● **Brief**: Below this line is a set of entries; quote exactly the lines from the line that contains "Canal Grande en" to the line that contains "71 Greenough Street, Unit", both lines included.

● **Input data**:
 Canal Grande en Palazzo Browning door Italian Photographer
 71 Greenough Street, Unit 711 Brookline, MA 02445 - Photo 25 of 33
* * *
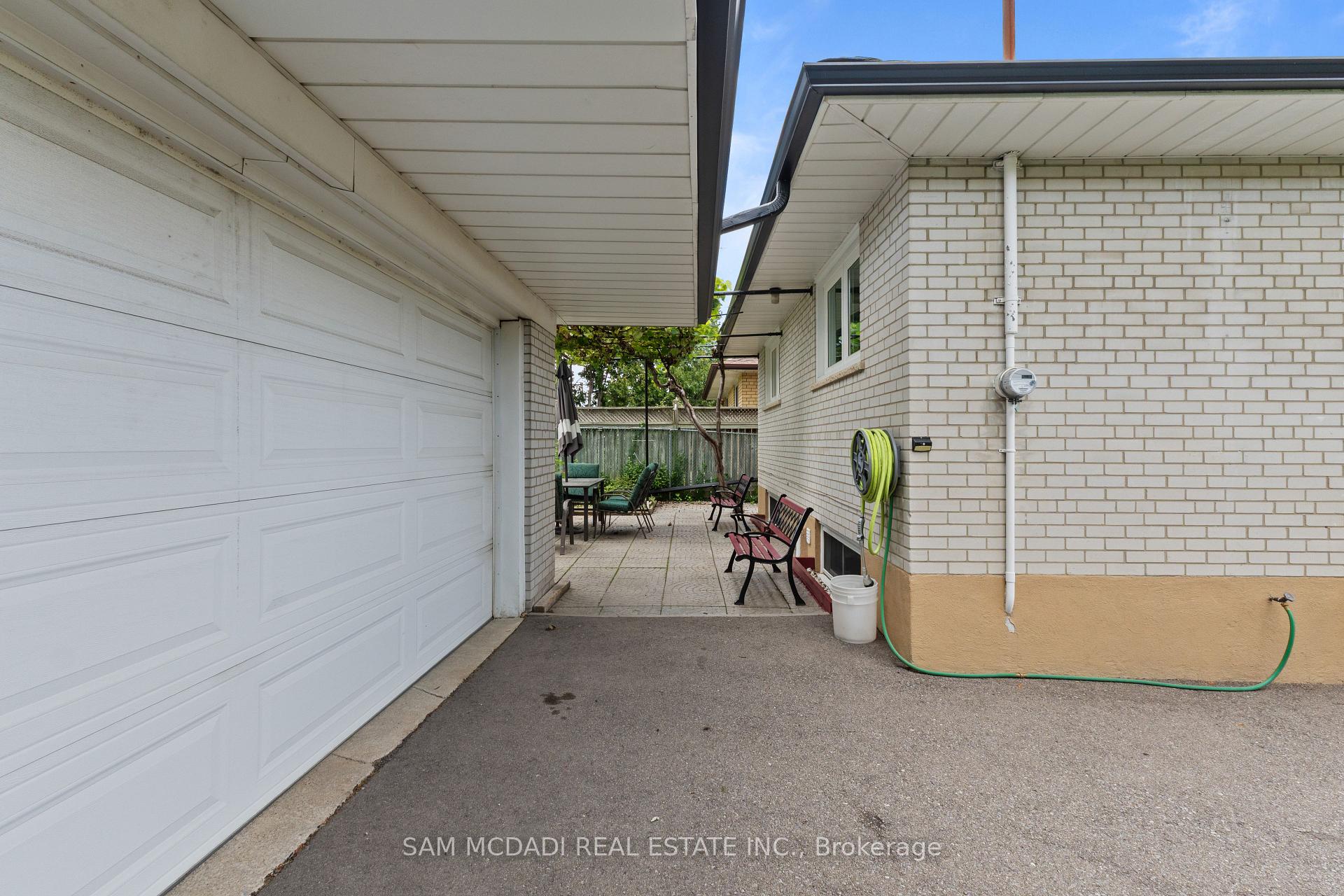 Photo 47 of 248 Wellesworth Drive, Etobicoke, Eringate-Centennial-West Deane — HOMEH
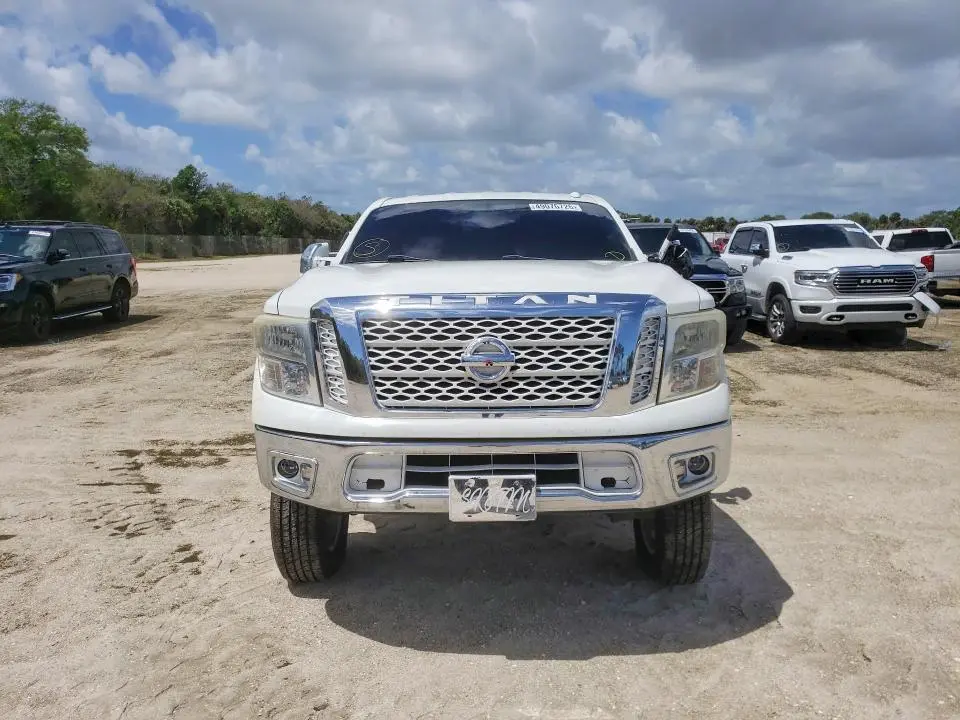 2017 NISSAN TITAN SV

● **Response below**:
 Canal Grande en Palazzo Browning door Italian Photographer
 71 Greenough Street, Unit 711 Brookline, MA 02445 - Photo 25 of 33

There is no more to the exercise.